Oracle staffer dresses as a boy to test school acceptance

While there are more than 700,000 self-identified transgenders living in the United States, understanding their daily life is a struggle for most of us because we can’t put ourselves in their shoes. . . or can we?

Written By: Noa Livneh

While there are more than 700,000 self-identified transgenders living in the United States, understanding their daily life is a struggle for most of us because we can’t put ourselves in their shoes. . . or can we? For an entire week, I wore stereotypical men’s clothes and shoes during school hours. The experience completely changed the way I perceive gender. As a full supporter of people’s freedoms, I had never really understood what transgender people go through to become who they are comfortable being. I was no longer on the outside—I finally had the chance to learn what life is like for girls and boys who feel as though they are living as the wrong gender.

Tuesday was my first day in my new clothes. In the car on the way to school, I began to feel uneasy, not because the men’s clothes were uncomfortable (because, believe me, they are way more comfortable than tight jeans and a typical blouse), but because the outfit didn’t represent who I was. My wardrobe is my form of expression; it’s the way I want people to perceive me. We are so used to wearing the same thing everyday; putting on clothes that were the opposite of “me” became unnatural. I felt practically naked, 100 percent vulnerable. As the day went on, it got more uncomfortable to be in the men’s clothes. I noticed the stares. Although no one offended me, I realized that if I were truly serious about expressing my gender choice through these clothes, my self-esteem would completely sink, not because they would be making fun of my clothes, but because they would be making fun of my true self. It felt as if no one supported me. The ones who didn’t know me wouldn’t look me in the face—they just gave me a weird facial expression and looked up and down at my outfit. My closer friends were much more vocal, saying things like: “Noa! What the heck are you wearing?” or “Noa, is anything wrong? What are you doing?” Some even guessed on the spot that it was an experiment. I believe that their comments were so forward and even rude because they already knew how I dressed on a regular basis. Sometimes I had a hard time not telling people that it wasn’t really my wardrobe and that things would go back to normal in a week. However, most people who are trying to determine their true gender identifier would not want to say that their clothing choice is just a phase.

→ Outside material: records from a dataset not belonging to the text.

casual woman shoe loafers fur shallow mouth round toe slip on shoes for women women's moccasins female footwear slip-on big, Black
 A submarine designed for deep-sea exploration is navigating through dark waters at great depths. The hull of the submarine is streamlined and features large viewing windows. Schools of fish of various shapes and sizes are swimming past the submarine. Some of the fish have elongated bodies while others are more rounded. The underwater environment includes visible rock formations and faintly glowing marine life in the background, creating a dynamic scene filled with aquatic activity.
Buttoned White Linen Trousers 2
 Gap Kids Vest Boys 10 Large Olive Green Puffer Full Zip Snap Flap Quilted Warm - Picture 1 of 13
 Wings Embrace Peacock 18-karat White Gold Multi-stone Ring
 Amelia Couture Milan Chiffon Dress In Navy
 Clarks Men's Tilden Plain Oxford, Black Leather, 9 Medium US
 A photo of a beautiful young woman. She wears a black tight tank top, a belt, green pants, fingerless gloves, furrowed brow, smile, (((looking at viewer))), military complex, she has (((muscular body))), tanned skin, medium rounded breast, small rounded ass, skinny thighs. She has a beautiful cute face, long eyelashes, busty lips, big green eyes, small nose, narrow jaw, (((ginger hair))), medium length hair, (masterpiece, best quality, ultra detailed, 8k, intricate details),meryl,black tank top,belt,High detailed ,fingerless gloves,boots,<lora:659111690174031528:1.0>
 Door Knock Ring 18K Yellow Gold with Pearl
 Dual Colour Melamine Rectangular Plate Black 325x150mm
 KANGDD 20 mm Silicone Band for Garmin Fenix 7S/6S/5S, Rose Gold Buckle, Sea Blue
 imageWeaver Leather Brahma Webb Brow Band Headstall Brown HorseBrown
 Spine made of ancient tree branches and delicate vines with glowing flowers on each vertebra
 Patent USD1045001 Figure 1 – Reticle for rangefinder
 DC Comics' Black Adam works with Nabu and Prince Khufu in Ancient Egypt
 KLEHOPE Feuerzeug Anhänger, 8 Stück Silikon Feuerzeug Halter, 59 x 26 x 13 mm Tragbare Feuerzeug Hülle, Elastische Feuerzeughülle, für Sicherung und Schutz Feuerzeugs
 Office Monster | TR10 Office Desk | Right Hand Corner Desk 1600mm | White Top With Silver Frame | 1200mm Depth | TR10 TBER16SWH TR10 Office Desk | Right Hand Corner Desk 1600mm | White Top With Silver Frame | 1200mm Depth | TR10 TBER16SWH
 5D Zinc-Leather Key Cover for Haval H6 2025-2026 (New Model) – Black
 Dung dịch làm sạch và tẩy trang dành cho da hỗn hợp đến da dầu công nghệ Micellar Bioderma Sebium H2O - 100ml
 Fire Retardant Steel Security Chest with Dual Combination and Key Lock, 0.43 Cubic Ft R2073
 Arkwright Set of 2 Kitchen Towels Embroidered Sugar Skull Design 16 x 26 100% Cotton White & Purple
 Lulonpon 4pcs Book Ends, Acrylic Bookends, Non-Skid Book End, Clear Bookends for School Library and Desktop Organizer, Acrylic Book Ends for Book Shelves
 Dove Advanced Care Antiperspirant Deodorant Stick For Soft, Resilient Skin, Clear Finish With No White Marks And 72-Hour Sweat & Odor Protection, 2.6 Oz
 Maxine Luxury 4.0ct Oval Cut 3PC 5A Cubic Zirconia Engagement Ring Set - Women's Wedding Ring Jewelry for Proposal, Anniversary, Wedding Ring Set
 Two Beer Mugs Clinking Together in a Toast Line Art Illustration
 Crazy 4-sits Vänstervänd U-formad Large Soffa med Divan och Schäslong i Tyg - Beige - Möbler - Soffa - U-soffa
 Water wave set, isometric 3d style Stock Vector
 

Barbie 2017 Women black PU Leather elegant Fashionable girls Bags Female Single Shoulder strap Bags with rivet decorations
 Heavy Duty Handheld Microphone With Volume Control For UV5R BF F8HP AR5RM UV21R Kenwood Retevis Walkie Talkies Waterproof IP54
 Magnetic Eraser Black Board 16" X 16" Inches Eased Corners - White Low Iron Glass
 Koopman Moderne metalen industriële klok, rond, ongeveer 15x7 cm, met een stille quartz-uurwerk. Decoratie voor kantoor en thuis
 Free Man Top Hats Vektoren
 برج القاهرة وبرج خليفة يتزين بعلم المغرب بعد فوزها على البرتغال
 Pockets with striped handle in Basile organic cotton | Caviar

Those comments and looks surprised me because I didn’t think that Gunn would be so judgmental. I have always been very proud of my school because there is an overwhelming amount of acceptance, but I never had to be on the receiving side of the judgments people make. I felt as if I had been put on a pedestal and the whole school was observing me, watching me walk from one class to another. I was disappointed to find an enormous number of students who made me feel uneasy in my temporary wardrobe, whether they said anything to me or not.

All in all, the entire experiment proved to be a success in that people took notice of my transformation. It’s hard to judge whether they were taking notice because it’s not my usual attire or because I was actually wearing men’s clothes, but nonetheless, the reactions I got made me feel unwelcome in my own body. As accepting as Gunn is, I still believe that there is still an underlying vibe of prejudice and judgment that will only go away with greater awareness.